“But India,” he said, presently in a lower voice, “India is so far away—from this little English forest. The trees, too, are utterly different for one thing?”
The rustle of skirts warned of Mrs. Bittacy’s approach. This was a sentence he could turn round another way in case she came up and pressed for explanation.
“There is communion among trees all the world over,” was the strange quick reply. “They always know.”
“They always know! You think then—?”
“The winds, you see—the great, swift carriers! They have their ancient rights of way about the world. An easterly wind, for instance, carrying on stage by stage as it were—linking dropped messages and meanings from land to land like the birds—an easterly wind—”
Mrs. Bittacy swept in upon them with the tumbler—
“There, David,” she said, “that will ward off any beginnings of attack. Just a spoonful, dear. Oh, oh! not all !” for he had swallowed half the contents at a single gulp as usual; “another dose before you go to bed, and the balance in the morning, first thing when you wake.”
She turned to her guest, who put the tumbler down for her upon a table at his elbow. She had heard them speak of the east wind. She emphasized the warning she had misinterpreted. The private part of the conversation came to an abrupt end.
“It is the one thing that upsets him more than any other—an east wind,” she said, “and I am glad, Mr. Sanderson, to hear you think so too.”
III
A deep hush followed, in the middle of which an owl was heard calling its muffled note in the forest. A big moth whirred with a soft collision against one of the windows. Mrs. Bittacy started slightly, but no one spoke. Above the trees the stars were faintly visible. From the distance came the barking of a dog.
Bittacy, relighting his cigar, broke the little spell of silence that had caught all three.

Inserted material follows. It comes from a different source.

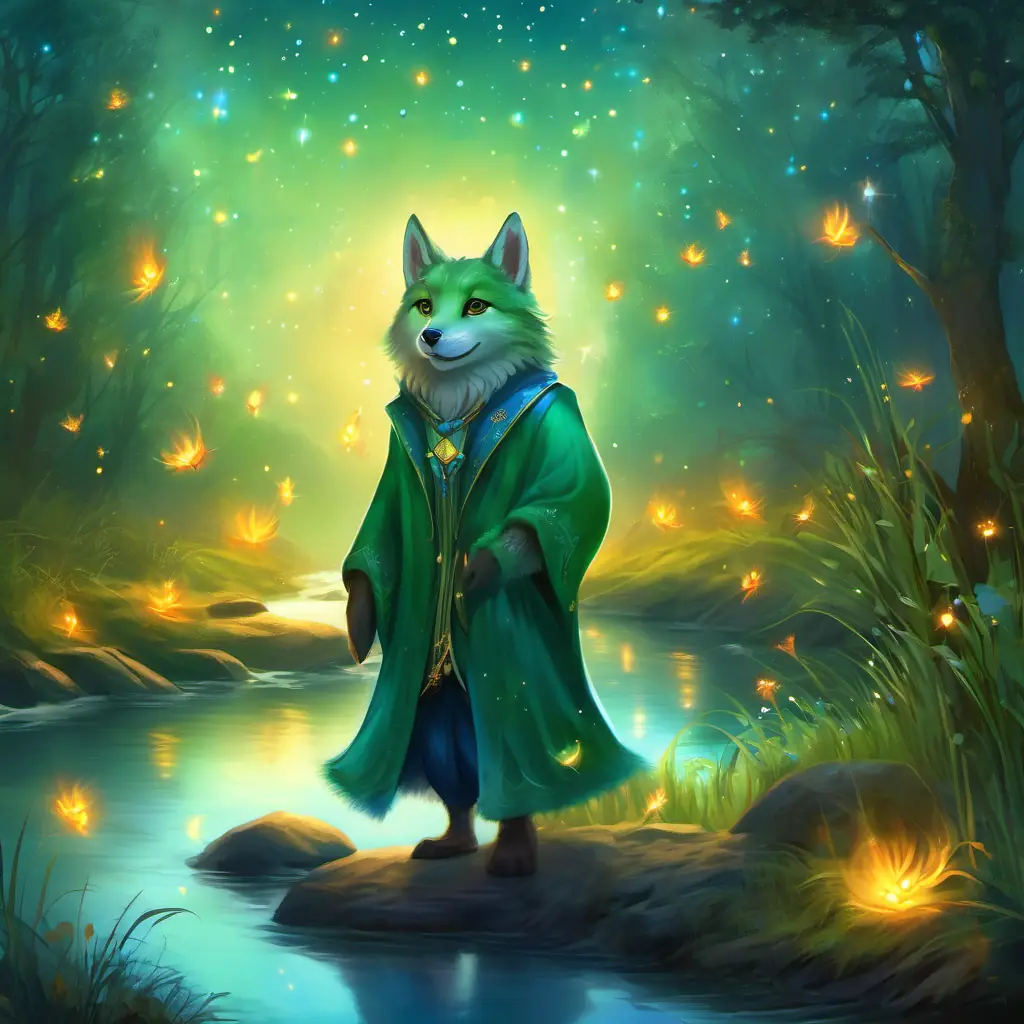 Green fur, big orange eyes, mischievous grin and Shimmering blue coat, twinkling silver eyes talk near a sparkling stream with fireflies dancing in the evening sky.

“It’s rather a comforting thought,” he said, throwing the match out of the window, “that life is about us everywhere, and that there is really no dividing line between what we call organic and inorganic.”
“The universe, yes,” said Sanderson, “is all one, really. We’re puzzled by the gaps we cannot see across, but as a fact, I suppose, there are no gaps at all.”

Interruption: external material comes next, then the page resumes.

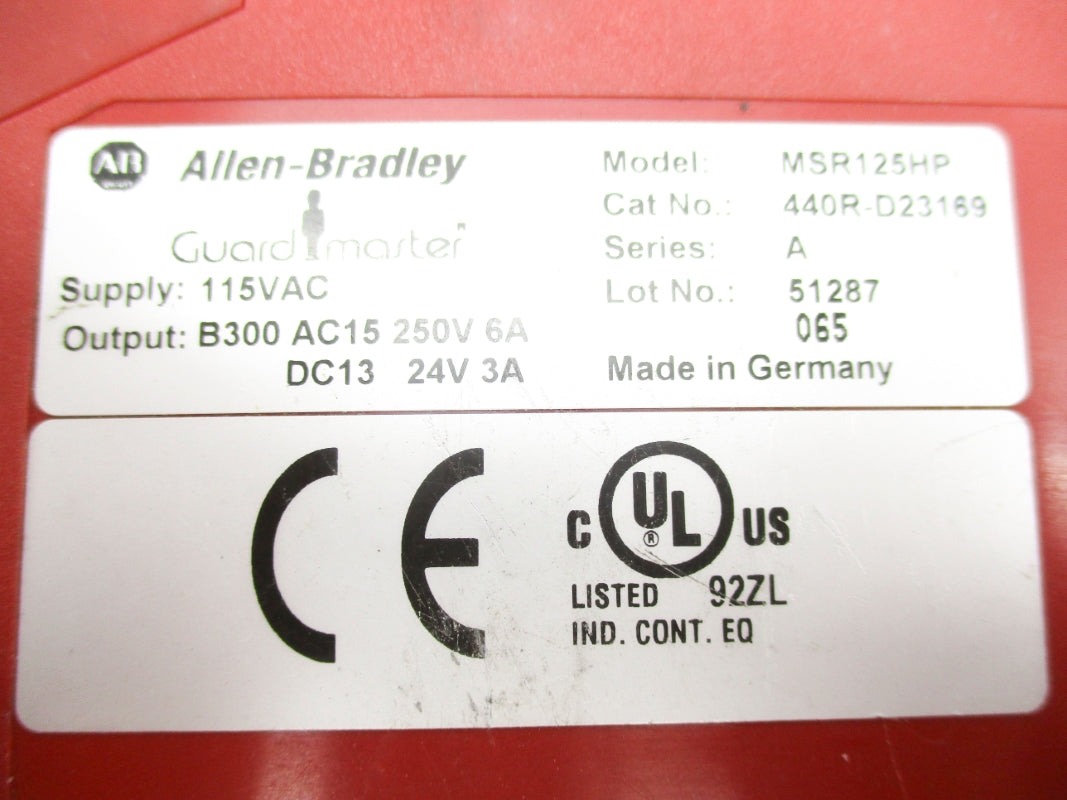 ALLEN BRADLEY 440R-D23169 SER. A 115VAC 6A UNMP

Mrs. Bittacy rustled ominously, holding her peace meanwhile. She feared long words she did not understand. Beelzebub lay hid among too many syllables.
“In trees and plants especially, there dreams an exquisite life that no one yet has proved unconscious.”

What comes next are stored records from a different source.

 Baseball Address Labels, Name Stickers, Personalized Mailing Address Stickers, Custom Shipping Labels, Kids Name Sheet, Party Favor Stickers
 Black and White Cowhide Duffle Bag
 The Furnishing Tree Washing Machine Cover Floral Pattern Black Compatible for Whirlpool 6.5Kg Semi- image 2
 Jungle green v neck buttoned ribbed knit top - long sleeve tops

“Or conscious either, Mr. Sanderson,” she neatly interjected. “It’s only man that was made after His image, not shrubberies and things....”
Her husband interposed without delay.
“It is not necessary,” he explained suavely, “to say that they’re alive in the sense that we are alive. At the same time,” with an eye to his wife, “I see no harm in holding, dear, that all created things contain some measure of His life Who made them. It’s only beautiful to hold that He created nothing dead. We are not pantheists for all that!” he added soothingly.